# Tiger OSX Cannot Connect To 2003 Server (SMB://IP) - Error -36 Cannot Read Data? VPN



## sik91lx (Oct 5, 2007)

Hello,

This is a very weird issue, this problem started occuring just recently on all our users with TIGER OSX.


We have a 2003 Server that has a shared folder, with a static IP addres, the users are able to connect to the server PERFECTLY FINE while in the office.

As soon as they are out in remote locations, using PPTP VPN, they aren't able to connect to the shared folder, using connect to server, even tried servername, same error.

As for LEOPARD, everyone is able to connect fine, internally and externally,,

This problem is specifically happening on TIGER OSX 10.4 and higher.

I tried setting encrypted passwords on one of the test laptops and samething, nothing, cleared recent servers list through library..

What else?


----------



## tomdkat (May 6, 2006)

What is the exact error message received when the server connection fails?
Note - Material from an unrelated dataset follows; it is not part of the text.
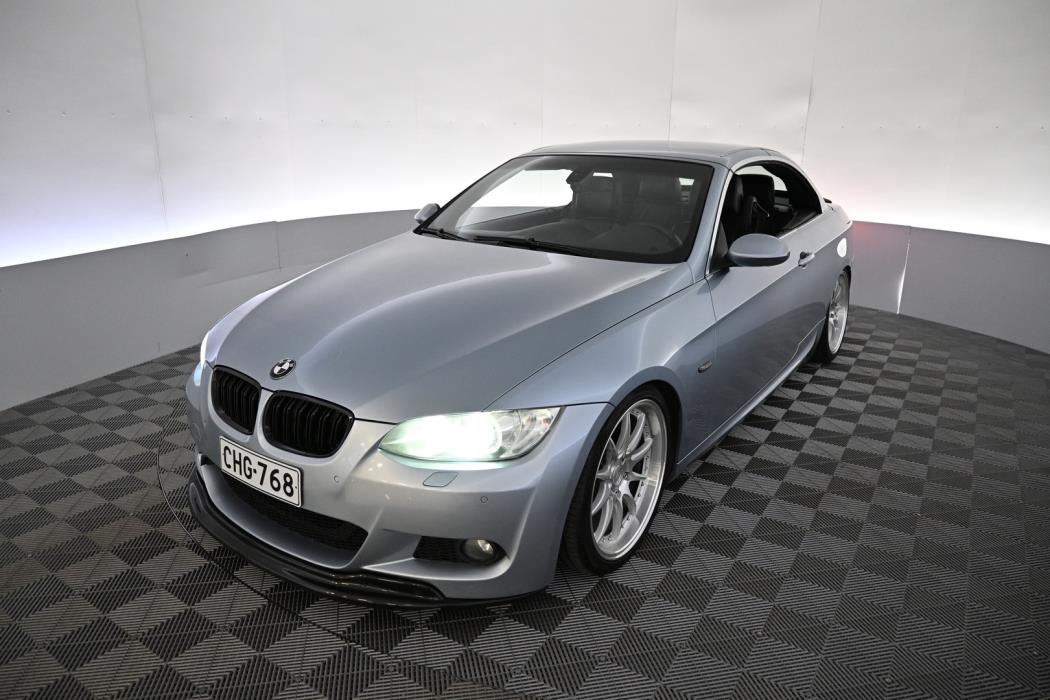 BMW 325 2009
Is it the "Error -36 Cannot Read Data" message in the subject of this thread? Is that all you get or is there more in the message?

Have you checked the Samba logs? I believe they are in /var/log/samba.

Peace...


----------



## sik91lx (Oct 5, 2007)

We're using Windows 2003 server as our file server.

Theres a specific group policy that is causing issues. I did disable digitally sign but its still causing issues..


----------



## tomdkat (May 6, 2006)

What do the Samba logs contain? Does Windows 2003 server log anything that might better identify why the connection is failing?

Peace...


----------